Records from a data source
────────────────
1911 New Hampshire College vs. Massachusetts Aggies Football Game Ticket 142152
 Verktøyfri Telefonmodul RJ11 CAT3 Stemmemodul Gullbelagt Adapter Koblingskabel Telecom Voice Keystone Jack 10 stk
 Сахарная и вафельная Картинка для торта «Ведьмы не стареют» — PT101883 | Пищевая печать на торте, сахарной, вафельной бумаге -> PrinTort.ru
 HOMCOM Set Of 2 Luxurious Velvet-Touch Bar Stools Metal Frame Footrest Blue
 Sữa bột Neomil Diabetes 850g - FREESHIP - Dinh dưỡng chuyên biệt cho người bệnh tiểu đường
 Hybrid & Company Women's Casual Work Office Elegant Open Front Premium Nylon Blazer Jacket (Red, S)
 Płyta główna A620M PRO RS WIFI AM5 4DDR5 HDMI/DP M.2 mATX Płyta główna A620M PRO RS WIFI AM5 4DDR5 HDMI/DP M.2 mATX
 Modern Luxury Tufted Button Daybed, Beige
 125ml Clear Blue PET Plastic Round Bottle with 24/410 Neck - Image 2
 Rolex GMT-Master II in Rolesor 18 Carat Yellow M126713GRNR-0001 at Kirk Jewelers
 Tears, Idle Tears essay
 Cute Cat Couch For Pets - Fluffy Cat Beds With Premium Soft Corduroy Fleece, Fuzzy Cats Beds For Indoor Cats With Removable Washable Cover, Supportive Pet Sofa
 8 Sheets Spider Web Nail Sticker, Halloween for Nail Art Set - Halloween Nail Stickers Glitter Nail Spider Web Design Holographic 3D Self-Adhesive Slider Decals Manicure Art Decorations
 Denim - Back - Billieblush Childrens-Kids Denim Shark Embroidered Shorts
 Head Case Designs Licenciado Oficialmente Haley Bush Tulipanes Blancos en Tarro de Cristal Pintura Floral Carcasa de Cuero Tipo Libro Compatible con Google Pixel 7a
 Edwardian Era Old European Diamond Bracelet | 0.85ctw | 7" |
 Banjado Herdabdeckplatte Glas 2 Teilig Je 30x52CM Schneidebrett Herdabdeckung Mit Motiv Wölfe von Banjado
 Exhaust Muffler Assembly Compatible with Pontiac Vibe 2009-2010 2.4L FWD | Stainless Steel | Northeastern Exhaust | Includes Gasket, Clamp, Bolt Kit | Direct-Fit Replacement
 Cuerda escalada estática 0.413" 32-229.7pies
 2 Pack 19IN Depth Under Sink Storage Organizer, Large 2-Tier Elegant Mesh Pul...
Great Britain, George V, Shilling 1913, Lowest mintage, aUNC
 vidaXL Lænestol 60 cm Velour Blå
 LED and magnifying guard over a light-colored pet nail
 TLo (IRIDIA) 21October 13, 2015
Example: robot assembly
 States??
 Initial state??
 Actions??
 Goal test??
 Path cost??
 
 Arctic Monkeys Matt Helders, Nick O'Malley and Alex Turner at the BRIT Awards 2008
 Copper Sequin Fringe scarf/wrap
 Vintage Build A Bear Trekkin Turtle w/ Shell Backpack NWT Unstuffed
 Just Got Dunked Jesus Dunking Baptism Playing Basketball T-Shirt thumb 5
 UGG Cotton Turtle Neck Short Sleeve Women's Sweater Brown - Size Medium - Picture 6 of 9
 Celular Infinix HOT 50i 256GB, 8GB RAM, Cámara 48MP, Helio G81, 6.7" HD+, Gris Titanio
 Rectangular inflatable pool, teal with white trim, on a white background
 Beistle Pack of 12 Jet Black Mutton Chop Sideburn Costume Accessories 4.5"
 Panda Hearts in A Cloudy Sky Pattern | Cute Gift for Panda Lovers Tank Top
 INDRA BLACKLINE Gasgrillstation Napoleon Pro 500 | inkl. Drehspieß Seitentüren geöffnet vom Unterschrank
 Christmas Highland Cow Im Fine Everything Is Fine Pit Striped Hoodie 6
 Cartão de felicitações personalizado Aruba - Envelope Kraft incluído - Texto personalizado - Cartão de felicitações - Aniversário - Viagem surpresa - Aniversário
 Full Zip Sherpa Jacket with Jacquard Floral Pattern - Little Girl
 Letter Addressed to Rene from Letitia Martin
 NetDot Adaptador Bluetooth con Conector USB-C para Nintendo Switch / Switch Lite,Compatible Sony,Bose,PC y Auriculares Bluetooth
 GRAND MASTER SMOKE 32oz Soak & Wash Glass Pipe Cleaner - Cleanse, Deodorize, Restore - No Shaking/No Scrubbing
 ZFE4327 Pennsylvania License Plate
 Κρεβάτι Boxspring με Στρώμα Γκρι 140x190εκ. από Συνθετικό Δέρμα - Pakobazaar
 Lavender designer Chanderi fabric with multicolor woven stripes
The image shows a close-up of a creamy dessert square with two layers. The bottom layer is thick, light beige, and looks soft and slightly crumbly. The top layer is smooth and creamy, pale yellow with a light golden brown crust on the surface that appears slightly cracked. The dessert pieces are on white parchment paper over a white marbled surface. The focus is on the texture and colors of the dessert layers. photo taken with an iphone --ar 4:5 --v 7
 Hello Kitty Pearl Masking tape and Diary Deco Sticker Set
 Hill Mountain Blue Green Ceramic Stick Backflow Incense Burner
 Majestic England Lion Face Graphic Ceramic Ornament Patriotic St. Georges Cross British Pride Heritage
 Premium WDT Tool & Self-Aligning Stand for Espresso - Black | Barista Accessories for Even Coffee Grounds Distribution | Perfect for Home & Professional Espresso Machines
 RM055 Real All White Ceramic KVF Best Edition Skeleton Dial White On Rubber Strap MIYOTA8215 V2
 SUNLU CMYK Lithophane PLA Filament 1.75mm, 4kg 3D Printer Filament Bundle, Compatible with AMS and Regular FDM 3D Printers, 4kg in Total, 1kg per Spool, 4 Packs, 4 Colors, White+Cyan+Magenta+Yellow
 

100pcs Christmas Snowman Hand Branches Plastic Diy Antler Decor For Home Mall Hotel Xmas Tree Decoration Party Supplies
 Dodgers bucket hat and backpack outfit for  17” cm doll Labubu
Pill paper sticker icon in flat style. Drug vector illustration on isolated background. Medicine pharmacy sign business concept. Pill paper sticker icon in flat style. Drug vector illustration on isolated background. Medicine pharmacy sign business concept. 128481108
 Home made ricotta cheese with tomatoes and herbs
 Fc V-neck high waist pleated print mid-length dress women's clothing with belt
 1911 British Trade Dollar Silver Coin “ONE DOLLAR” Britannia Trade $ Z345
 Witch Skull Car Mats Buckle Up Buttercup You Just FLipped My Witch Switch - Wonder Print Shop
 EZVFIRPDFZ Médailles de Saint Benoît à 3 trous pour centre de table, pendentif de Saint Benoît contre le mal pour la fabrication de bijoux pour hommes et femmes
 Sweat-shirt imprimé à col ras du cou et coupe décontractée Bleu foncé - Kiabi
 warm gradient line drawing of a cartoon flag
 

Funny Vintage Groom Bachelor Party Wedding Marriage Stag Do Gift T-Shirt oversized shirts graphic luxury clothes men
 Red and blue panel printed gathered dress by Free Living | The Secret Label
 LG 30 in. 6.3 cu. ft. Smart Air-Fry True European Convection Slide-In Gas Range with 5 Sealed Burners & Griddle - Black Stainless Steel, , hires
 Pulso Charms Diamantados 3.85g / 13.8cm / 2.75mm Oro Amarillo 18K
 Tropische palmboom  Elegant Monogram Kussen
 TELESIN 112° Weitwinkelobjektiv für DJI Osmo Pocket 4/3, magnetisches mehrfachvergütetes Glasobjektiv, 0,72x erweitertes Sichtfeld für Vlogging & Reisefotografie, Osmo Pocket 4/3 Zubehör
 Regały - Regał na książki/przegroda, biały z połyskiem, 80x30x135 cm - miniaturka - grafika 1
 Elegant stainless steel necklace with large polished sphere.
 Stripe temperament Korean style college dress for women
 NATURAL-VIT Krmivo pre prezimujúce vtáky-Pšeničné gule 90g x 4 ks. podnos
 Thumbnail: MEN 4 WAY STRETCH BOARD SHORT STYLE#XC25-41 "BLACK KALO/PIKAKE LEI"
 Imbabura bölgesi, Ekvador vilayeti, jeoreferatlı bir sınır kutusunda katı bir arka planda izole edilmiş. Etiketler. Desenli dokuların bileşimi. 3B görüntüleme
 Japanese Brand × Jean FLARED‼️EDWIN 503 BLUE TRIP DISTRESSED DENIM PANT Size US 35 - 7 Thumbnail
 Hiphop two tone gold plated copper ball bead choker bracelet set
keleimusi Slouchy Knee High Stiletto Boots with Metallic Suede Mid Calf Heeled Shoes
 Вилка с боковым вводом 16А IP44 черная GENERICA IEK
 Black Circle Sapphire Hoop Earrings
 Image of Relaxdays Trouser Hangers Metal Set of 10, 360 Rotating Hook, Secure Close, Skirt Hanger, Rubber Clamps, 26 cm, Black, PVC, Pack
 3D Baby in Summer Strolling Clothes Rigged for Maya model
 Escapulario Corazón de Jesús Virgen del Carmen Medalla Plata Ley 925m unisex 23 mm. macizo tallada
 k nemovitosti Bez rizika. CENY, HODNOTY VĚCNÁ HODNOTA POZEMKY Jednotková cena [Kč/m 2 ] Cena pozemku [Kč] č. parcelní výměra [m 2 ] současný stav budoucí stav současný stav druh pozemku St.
────────────────
• _What to work on_
Go to the line with "100pcs Christmas Snowman" in the entries above and repeat every line from there through the line with "business concept. 128481108", exactly and with no other text.

• _Task result_
100pcs Christmas Snowman Hand Branches Plastic Diy Antler Decor For Home Mall Hotel Xmas Tree Decoration Party Supplies
 Dodgers bucket hat and backpack outfit for  17” cm doll Labubu
Pill paper sticker icon in flat style. Drug vector illustration on isolated background. Medicine pharmacy sign business concept. Pill paper sticker icon in flat style. Drug vector illustration on isolated background. Medicine pharmacy sign business concept. 128481108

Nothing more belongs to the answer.